Most of the children, I am told, will speak and understand at least some English. There is no serious security problem in the village, there are no gates and only a low chain link fence surrounding the property, but to be safe I should lock the equipment in my room when I am not there. The children, I am told, may be a bit nervous about using the cameras as they will not have used one before and they may be a bit shy about participating in the project.
Mr Ramesh tells me that I can have access to the records that the village keeps on the children and suggests that each day we consider two cases and he will discuss them with me. He explains that the mothers’ do not normally see the records because, as he put it, they want the mothers to respond to the children as they are, just as they would in an ordinary family. The aim seems an admirable one – to give the children a new start and to orient them to the present and the future, not to the past, but it leaves the question as to whether or not it is best for the children to repress the traumas that many of them have experienced.
4pm
The Mothers were called to meet me at the Community House. Thirteen (of sixteen) mothers came, the others were out shopping when the message went round. The Director and the Village Educator were also present at the meeting and the Director translated for me. I explained the project, saying that the idea was to give people outside the village a better idea of the lives of the children, of how they saw their lives, the things that made them happy as well as other aspects of their lives. I explained that I was only coming to one village (Victor had told me that there are more than thirty villages in India) and that my two colleagues were visiting villages in Thailand, in Colombia and Nicaragua.

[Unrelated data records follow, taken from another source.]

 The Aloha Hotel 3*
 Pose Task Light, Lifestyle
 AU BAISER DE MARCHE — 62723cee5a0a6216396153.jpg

I told the mothers that I would be giving the children cameras to photograph aspects of their lives and so they should not be concerned if they saw the children with cameras. I said they might want to photograph their rooms or other parts of their house and the mothers could ask them not to photograph rooms that were untidy, or to come back later if they wanted to. I also said I didn’t want to cause any embarrassment and that I would not take away any photographs that people did not want me to take. I said too that I would leave copies of the pictures in the village when I left and that these would remain with the Village to use as they wanted to.
I was asked where the idea of the project came from and I said that it was SOS who first had the idea and that it was a response to the UN’s program Violence Against Children. I said that the final outcome would be a book that SOS would produce, using material from the four countries.
They asked me what were my connections with SOS and asked if I was I a member of the SOS staff. I explained that I wasn’t and that the reason SOS had asked three outside people to do the project was to assure people about the objectivity and independence of the project.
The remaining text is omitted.